Le travail des marxistes consiste, à partir des besoins exprimés par les travailleurs dans leurs luttes, à remonter aux sources de leurs maux, à tracer les perspectives de lutte, à les relier à une conception anticapitaliste du monde (Programme révolutionnaire).

Certains camarades pensent que l’exposé de la société socialiste est premier dans notre propagande. La réalité est plus complexe.

Marx montre que c’est le mouvement vers le communisme qui abolit l’ordre ancien, la propagande seule ne suffit pas. Pour forger une conscience révolutionnaire, il faut étudier sans cesse la réalité objective et subjective (reflet plus ou moins approchant de la situation réelle)

a/ en analysant les positions de classe des diverses formations politiques et syndicales

b/ en étudiant les formes prises par la conscience ouvrière dans les luttes, en étudiant les points forts et faibles de ces luttes, en critiquant d’un point de vue marxiste ces points faibles

c/ en analysant, à partir des besoins objectifs et stratégiques du prolétariat, les luttes de classes dans le monde et en France

d/ en proposant les tactiques et la stratégie révolutionnaire : formes de luttes, mots d’ordre, objectifs, grèves générales politiques, manifestations et occupations de la rue et des bâtiments publics, prise de position politique, alliances de classe, degré d’hégémonie du prolétariat dans le mouvement populaire, formations d’organes de double pouvoir, soulèvement populaire…

4/ Adopter un vocabulaire matérialiste de classe

Un des moyens par lesquels la bourgeoisie trompe le prolétariat, c’est le recours à un vocabulaire qui évacue sciemment l’antagonisme entre Capital et travail.

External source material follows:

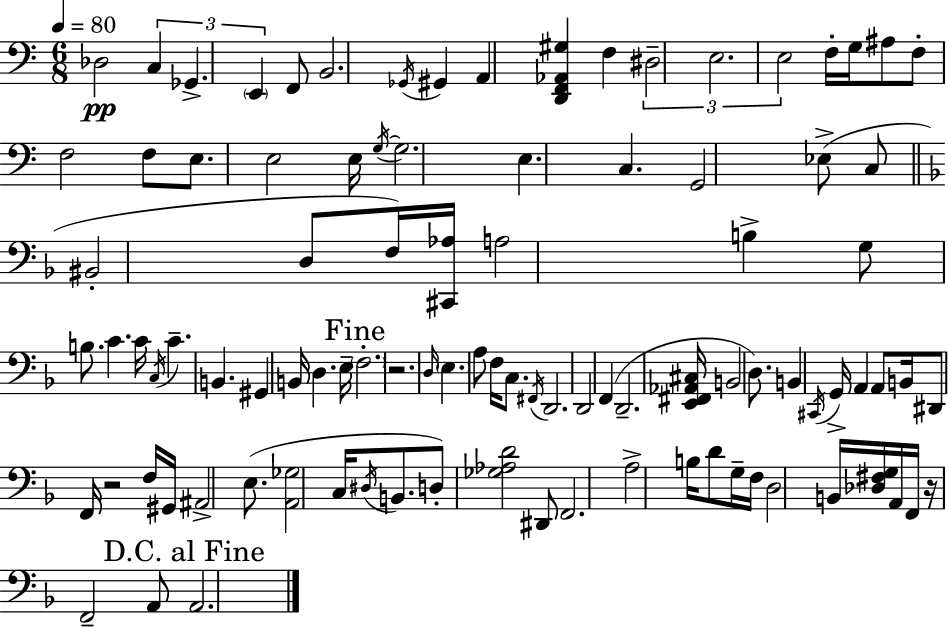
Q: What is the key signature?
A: C major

Ainsi, au fil des années, au terme « patronat » (a fortiori « capitaliste ») s’est substitué celui, neutre, d’« entrepreneur ». Les termes « bourgeois » et « prolétariat » ne sont utilisés que par les marxistes-léninistes et les syndicalistes les plus avancés.

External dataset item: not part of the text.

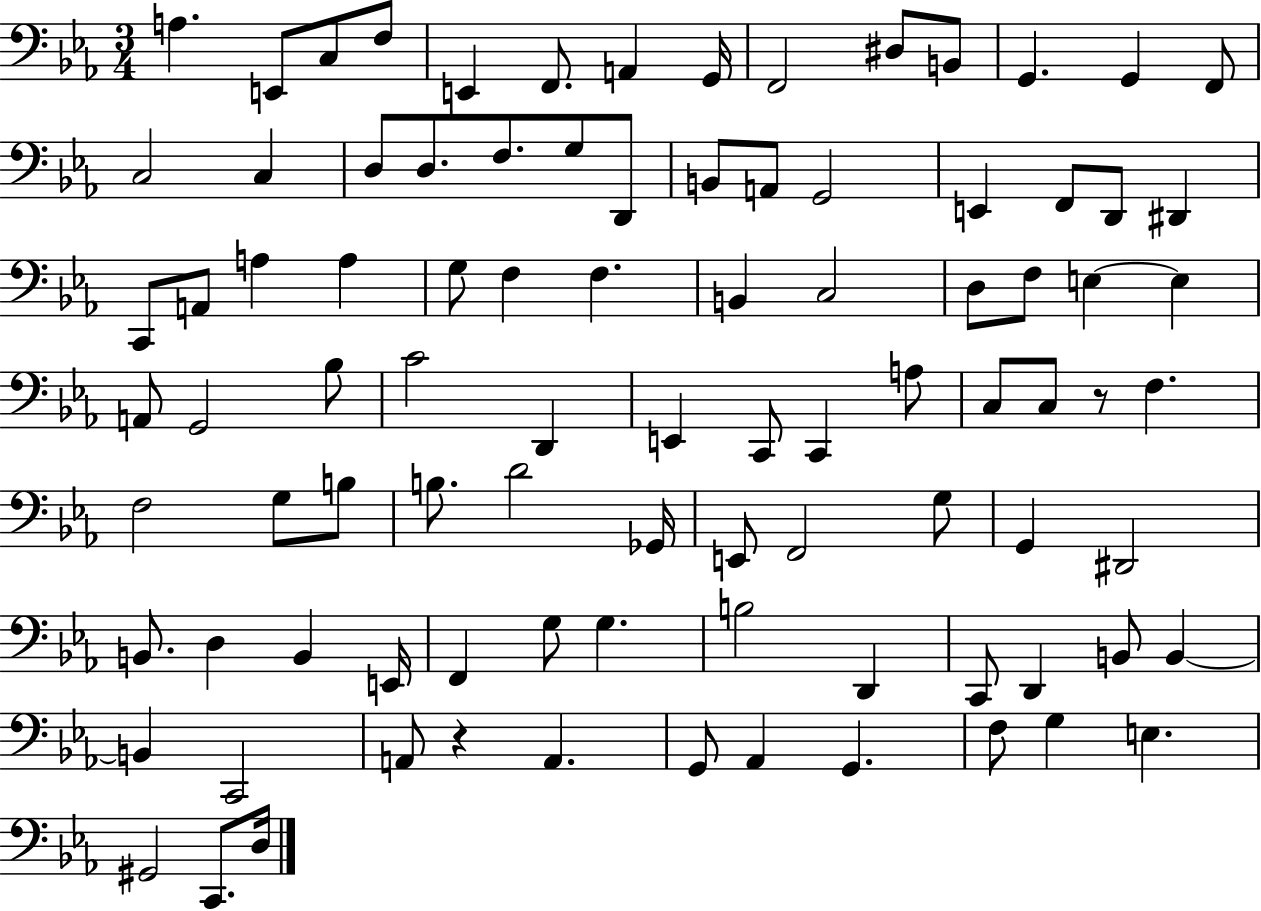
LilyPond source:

On a même vu Georges Marchais, dirigeant révisionniste bien connu, liquider le concept de dictature du prolétariat (selon Marx et Lénine : pouvoir politique de la classe ouvrière et de ses alliés) et celui de prolétariat, sous prétexte qu’aujourd’hui « les ouvriers ne sont plus des prolétaires puisqu’ils ont atteint un certain niveau de vie ».

Tous ces phénomènes ne sont pas neutres et contribuent à obscurcir les consciences. En effet, la bourgeoisie ne cesse de donner un contenu péjoratif à certains termes mis en avant par le mouvement ouvrier révolutionnaire. Les termes de prolétaires, collectivisme, socialisme, révolution, etc. ont été caricaturés grâce à la toute puissance des médias capitalistes. Ce qui pousse certains acteurs du mouvement social à l’édulcoration de leur langage… et de leur pratique.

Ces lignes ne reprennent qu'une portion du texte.